**About this task**
For the entries below, return every line from the top through the line with "Dainty Citrine Bar" exactly as it stands, omitting pictures.

**Data for the task**
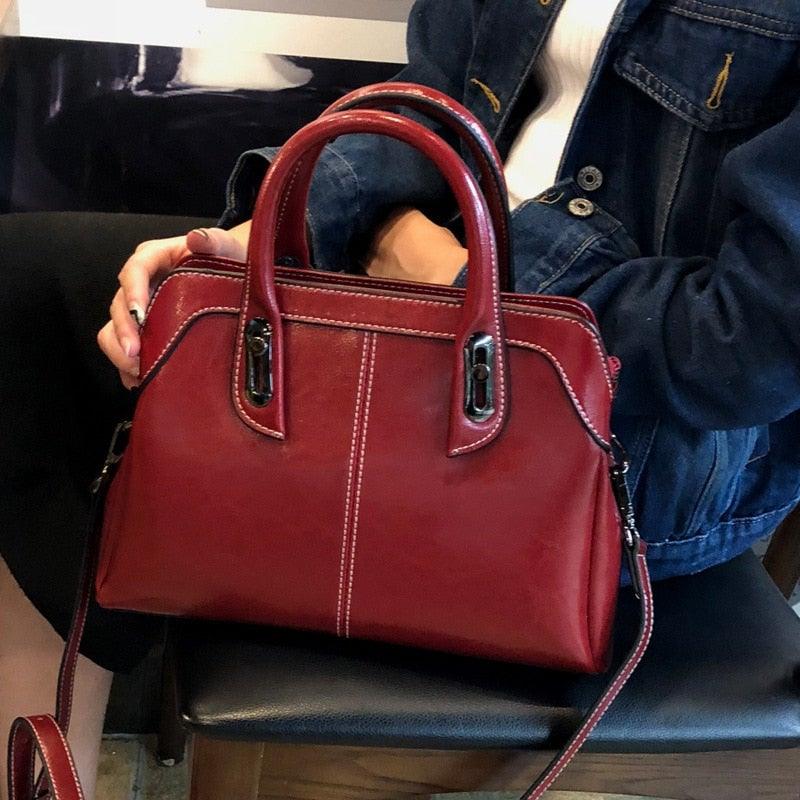 Vintage Business Genuine Leather Luxury Handbags For Women Pochette Ladies Crossbody Satchel - Etyn Online {{ product_tag }}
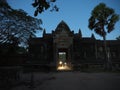 Silhouette of Angkor Wat - famous Cambodian landmark - on sunrise. Royalty Free Stock Photo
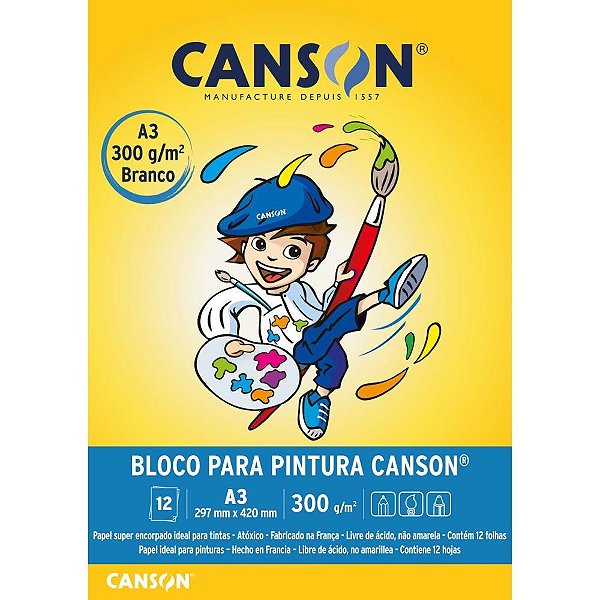 Bloco para educacao artistica pintura infantil a3 300g 12fls - canson (bloco)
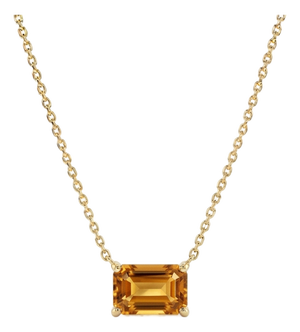 Dainty Citrine Bar Chain Necklace, November Birthstone Necklace
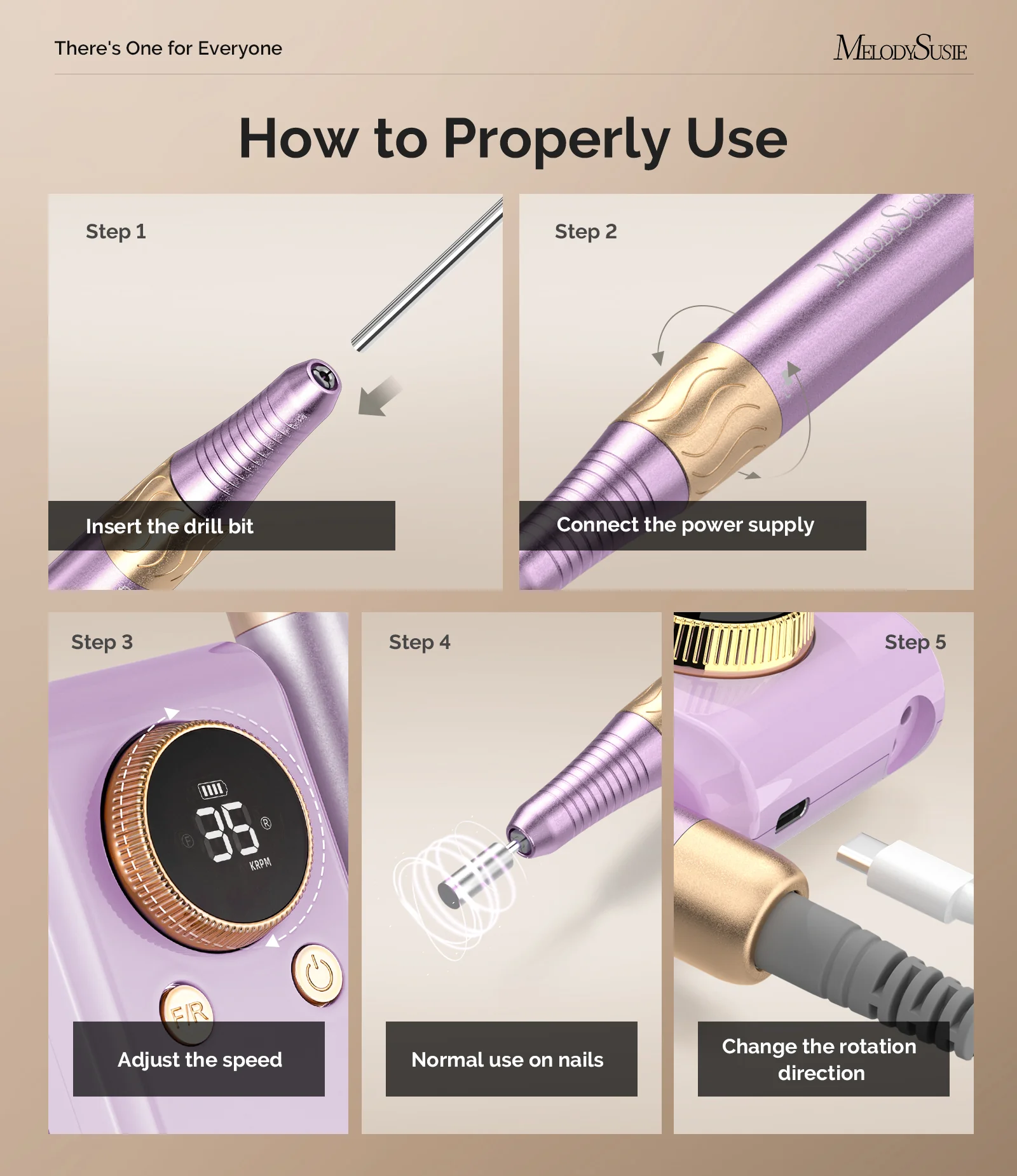 SM330G Clip-On Advanced Rechargeable 2-in-1 Nail Drill with Built-In Stand 35,000RPM - Purple - Image 4
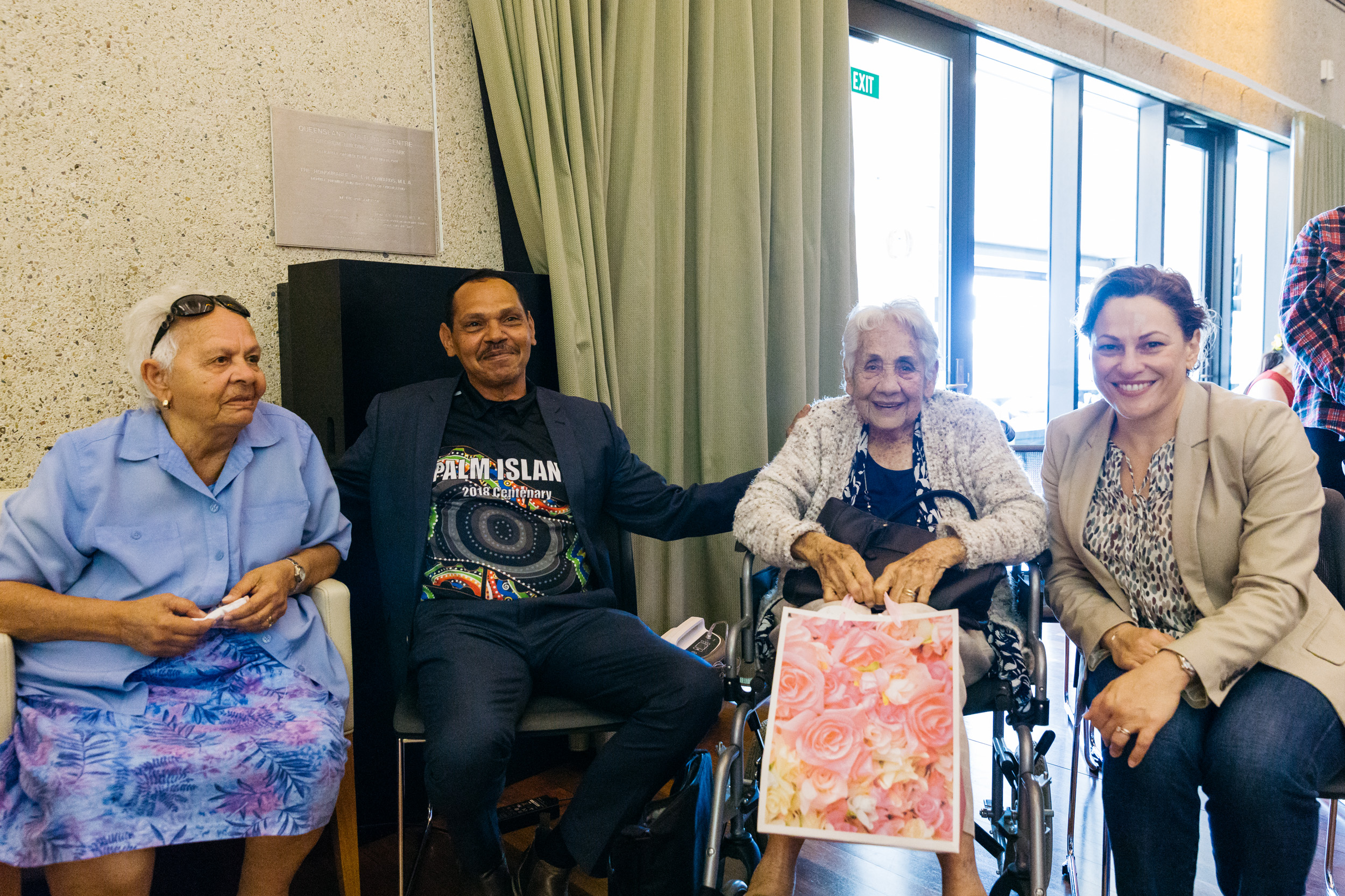Palm Island & Our People exhibition launch, 22 September 2018, left to right Aunty Sylvia Palmer, Mayor Alf Lacey, Aunty Pam Mam, The Honourable Jackie Trad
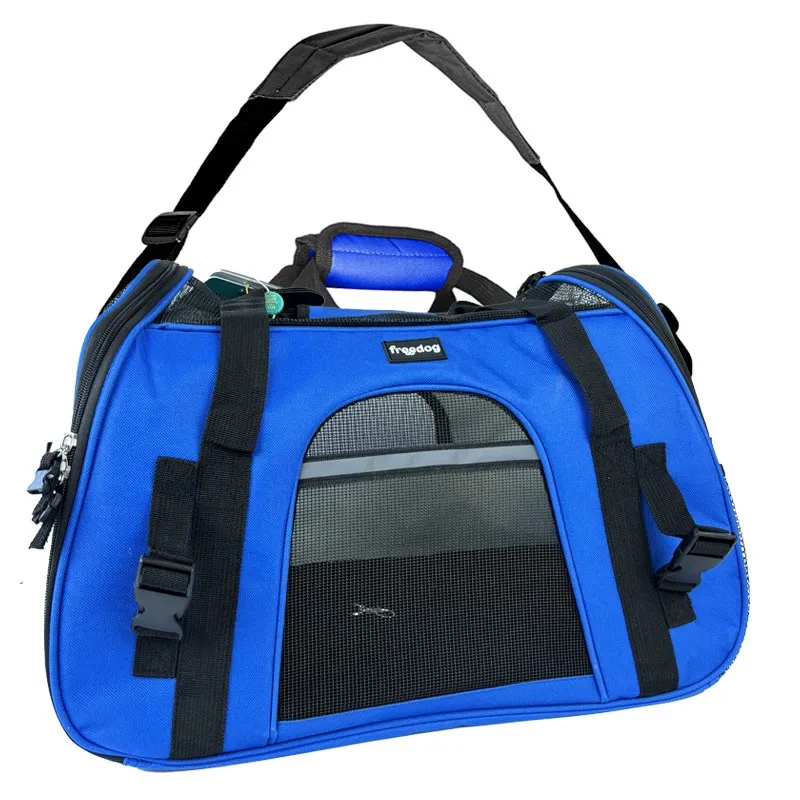 sac de transport bandoulière fly bleu pour chien freedog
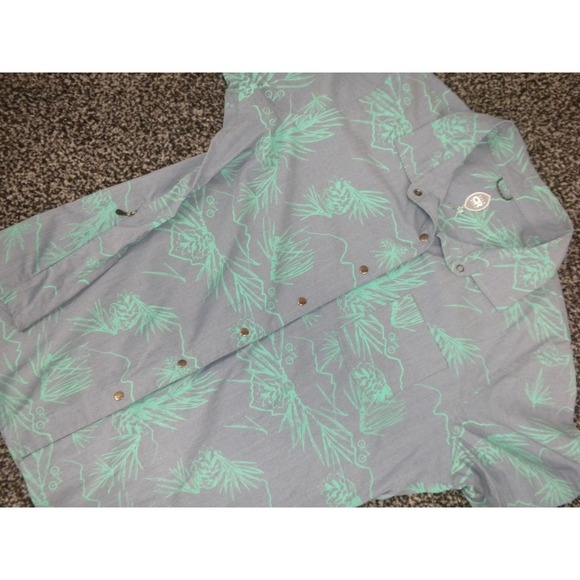 Club Ride Shirt Mens M Blue Tropical Pearl Snap Vented Performance Cycling - Picture 1 of 10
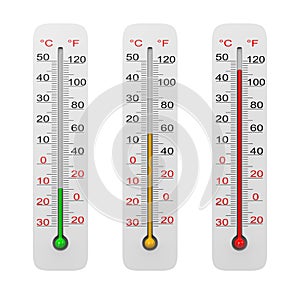 Thermometer Set Isolated on White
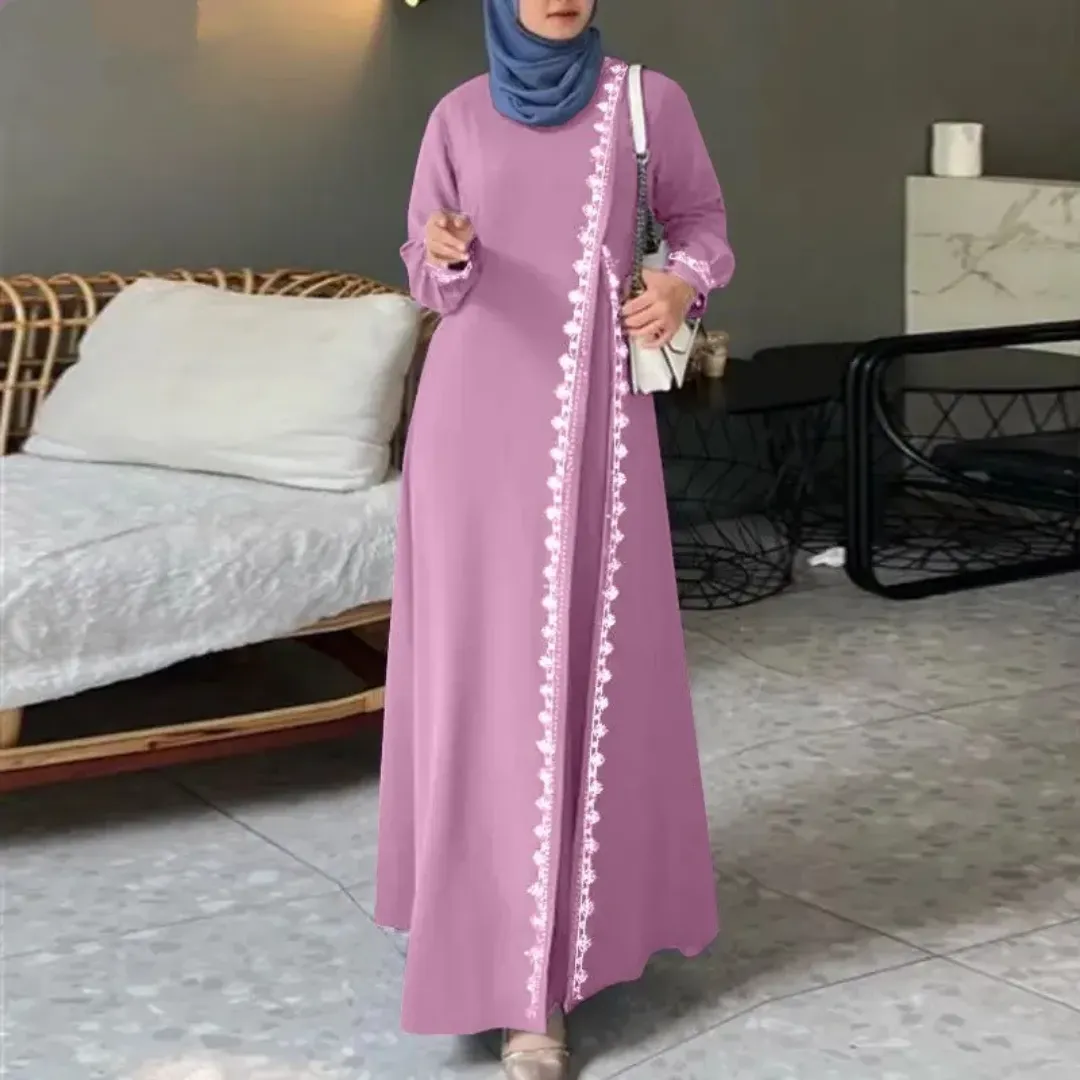 Abaya Bleu Royal avec Broderie Latérale Blanche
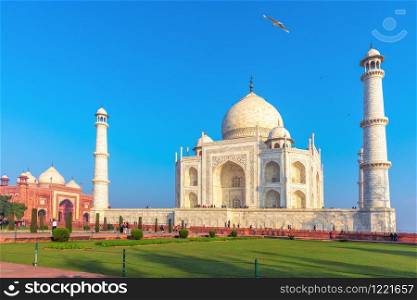 Taj Mahal complex, a famous UNESCO object in Agra, India.. Taj Mahal complex, a famous UNESCO object in Agra, India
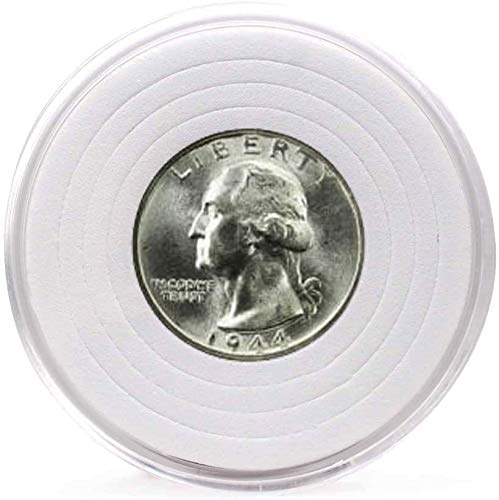 Metal Coin Storage Case With 40 Clear Plastic Capsules - Holds Up To 46mm Coins, Includes Foam Gaskets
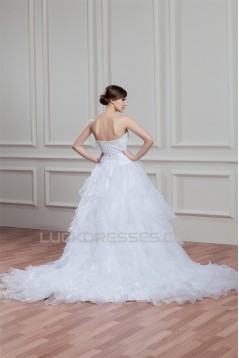 A-Line Sleeveless Satin Organza Soft Sweetheart Beaded Wedding Dresses 2030544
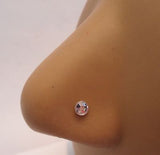 6 Sterling Silver 3mm Crystal Flat Back Sits Flush Nose Studs 22 gauge 22g - I Love My Piercings!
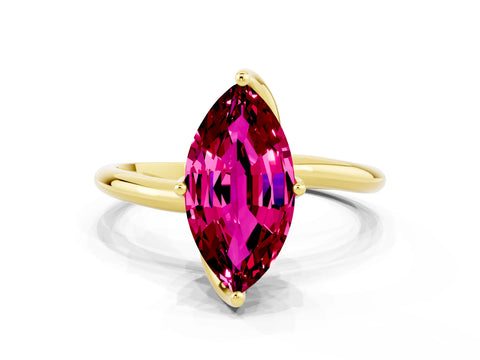 Yellow gold Marquise Cut Garnet Solitaire Engagement Ring with Four-Prong Setting and Classic Band_12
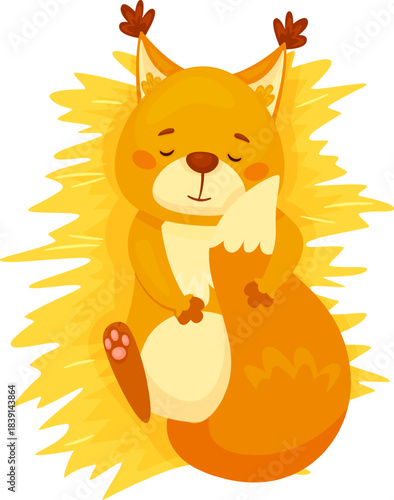 Cartoon squirrel sleeping peacefully on a yellow background
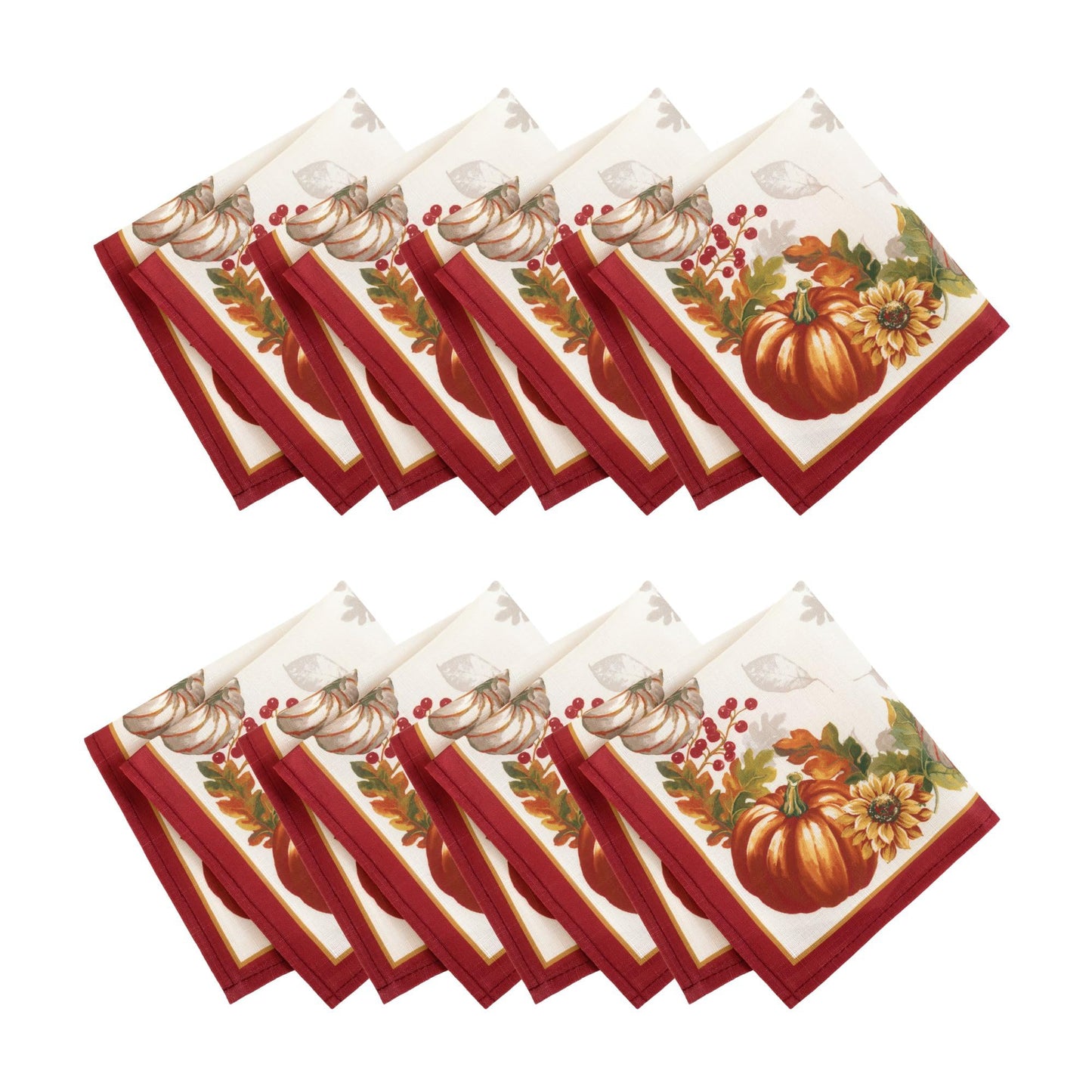 Elrene Home Fashions Swaying Leaves Bordered Fall Napkins, Seasonal Dinner Napkins for Formal or Everyday Use, 17" x 17", Set of 8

**Completed task**
 Vintage Business Genuine Leather Luxury Handbags For Women Pochette Ladies Crossbody Satchel - Etyn Online {{ product_tag }}
 Silhouette of Angkor Wat - famous Cambodian landmark - on sunrise. Royalty Free Stock Photo
 Bloco para educacao artistica pintura infantil a3 300g 12fls - canson (bloco)
 Dainty Citrine Bar Chain Necklace, November Birthstone Necklace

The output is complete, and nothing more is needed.